12.6 Categorical Logit Generalized Linear Model (Softmax Regression)
Stan also supplies a single function for a generalized linear model with categorical likelihood and logit link function, i.e. a function for a softmax regression. This provides a more efficient implementation of softmax regression than a manually written regression in terms of a Categorical likelihood and matrix multiplication.
Note that the implementation does not put any restrictions on the coefficient matrix \(\beta\). It is up to the user to use a reference category, a suitable prior or some other means of identifiability. See Multi-logit in the Stan User’s Guide.
12.6.1 Probability Mass Functions
If \(N,M,K \in \mathbb{N}\), \(N,M,K > 0\), and if \(x\in \mathbb{R}^{M\cdot K}, \alpha \in \mathbb{R}^N, \beta\in \mathbb{R}^{K\cdot N}\), then for \(y \in \{1,\ldots,N\}^M\), \[ \text{CategoricalLogitGLM}(y~|~x,\alpha,\beta) = \\[5pt] \prod_{1\leq i \leq M}\text{CategoricalLogit}(y_i~|~\alpha+x_i\cdot\beta) = \\[15pt] \prod_{1\leq i \leq M}\text{Categorical}(y_i~|~softmax(\alpha+x_i\cdot\beta)). \] See the definition of softmax for the definition of the softmax function.
12.6.2 Sampling Statement
y ~
categorical_logit_glm
(x, alpha, beta)
Increment target log probability density with categorical_logit_glm(y | x, alpha, beta)
dropping constant additive terms.
12.6.3 Stan Functions
real
categorical_logit_glm_lpmf
(int y | row_vector x, vector alpha, matrix beta)
The log categorical probability mass function with outcome y
in \(1:N\) given \(N\)-vector of log-odds of outcomes alpha + x * beta
. The size of the independent variable row vector x
needs to match the number of rows of the coefficient matrix beta
. The size of the intercept vector alpha
must match the number of columns of the coefficient matrix beta
.
real
categorical_logit_glm_lpmf
(int y | matrix x, vector alpha, matrix beta)
The log categorical probability mass function with outcomes y
in \(1:N\) given \(N\)-vector of log-odds of outcomes alpha + x * beta
. The same vector of intercepts alpha
and the same dependent variable value y
are used for all instances. The number of columns of the independent variable x
needs to match the number of rows of the coefficient matrix beta
. The size of the intercept vector alpha
must match the number of columns of the coefficient matrix beta
. If x
and y
are data (not parameters) this function can be executed on a GPU.
real
categorical_logit_glm_lpmf
(int[] y | row_vector x, vector alpha, matrix beta)

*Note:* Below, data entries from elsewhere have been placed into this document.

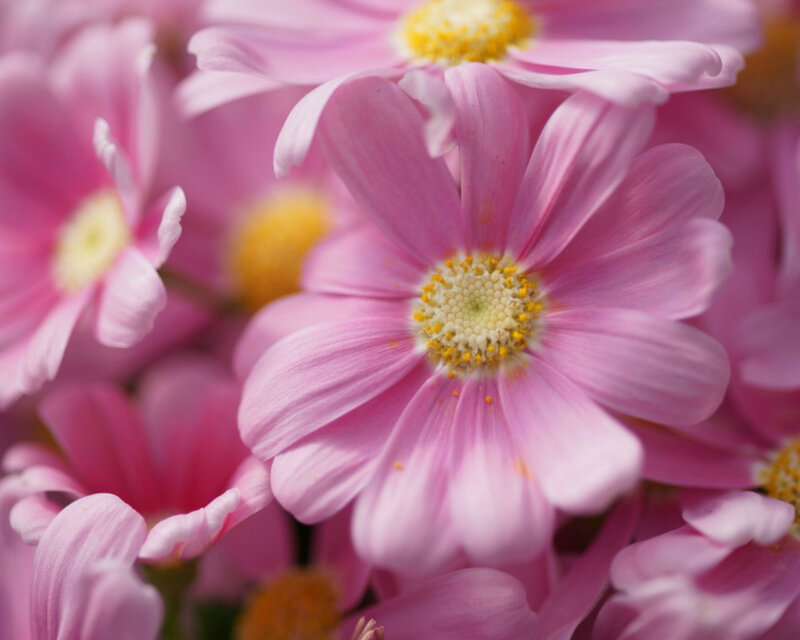 Pink Daisy Flowers — Calm, Spring, Photograph, Yellow Centers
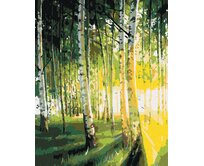 Zuty - Malování podle čísel - BŘÍZY V PROSVĚTLENÉM LESE 40x50 cm vypnuté plátno na rám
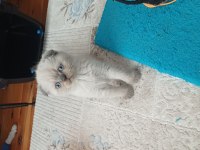 Scottish fold erkek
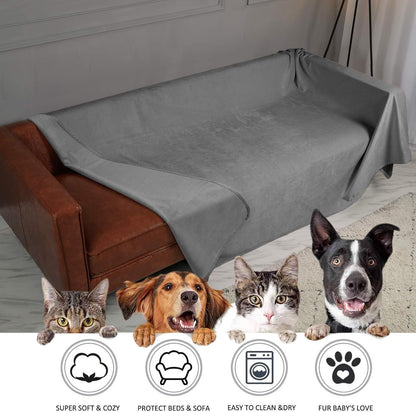 Pet Bed Blanket Reversible 100% Waterproof Velvet Super Soft for Sofa and Bed (40X60 Inches, Light Grey+Grey) - pet needs313043197140Pet Bed Blanket Reversible 100% Waterproof Velvet Super Soft for Sofa and Bed (40X60 Inches, Light Grey+Grey)Light Grey+Grey40X60 Inches40X60 Inchespet needs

The log categorical probability mass function with outcomes y
in \(1:N\) given \(N\)-vector of log-odds of outcomes alpha + x * beta
. The same vector of intercepts alpha
and same row vector of the independent variables x
are used for all instances. The size of the independent variable matrix x
needs to match the number of rows of the coefficient vector beta
. The size of the intercept vector alpha
must match the number of columns of the coefficient vector beta
.
real
categorical_logit_glm_lpmf
(int[] y | matrix x, vector alpha, matrix beta)
The log categorical probability mass function with outcomes y
in \(1:N\) given \(N\)-vector of log-odds of outcomes alpha + x * beta
. The same vector of intercepts alpha
is used for all instances. The number of rows of the independent variable matrix x
needs to match the size of the dependent variable vector y
. The number of columns of independnt variable x
needs to match the number of rows of the coefficient matrix beta
. The size of the intercept vector alpha
must match the number of columns of the coefficient matrix beta
. If x
and y
are data (not parameters) this function can be executed on a GPU.